Le casse-tête des chiens errants au Maghreb
Que ce soit au Maroc, en Algérie ou en Tunisie, la prolifération des chiens errants inquiète, mais l'abattage systématique, principale solution adoptée face à ce phénomène, est décrié par des défenseurs des animaux.
Une collégienne décède après une attaque de chiens errants en Tunisie, un garçonnet tué par une meute en Algérie... les faits divers concernant les animaux errants sont nombreux au Maghreb, là où la rage fait encore des ravages.

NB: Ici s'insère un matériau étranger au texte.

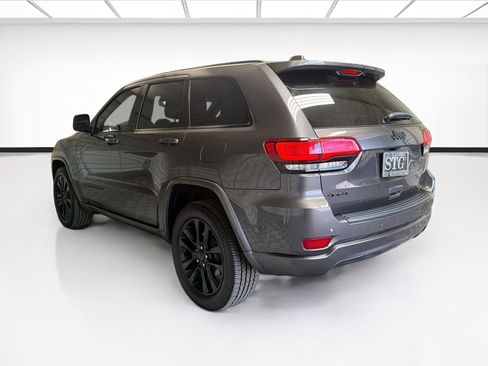 Used 2019 Jeep Grand Cherokee Altitude AWD/4WD image 6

Il y a quelques jours, c'est le parquet de Gabès, dans le sud-est de la Tunisie, qui a ouvert une enquête à la suite du décès d'une jeune fille de 16 ans, agressée par des chiens sur le chemin de l'école. Cette décision de la justice intervient alors que de nombreuses voix ne cessent de se plaindre de la forte augmentation du nombre de chiens errants dans la région. Des animaux qui peuvent notamment être exposés à la rage, l'une des plus anciennes maladies au monde qui continue de faire beaucoup de victimes.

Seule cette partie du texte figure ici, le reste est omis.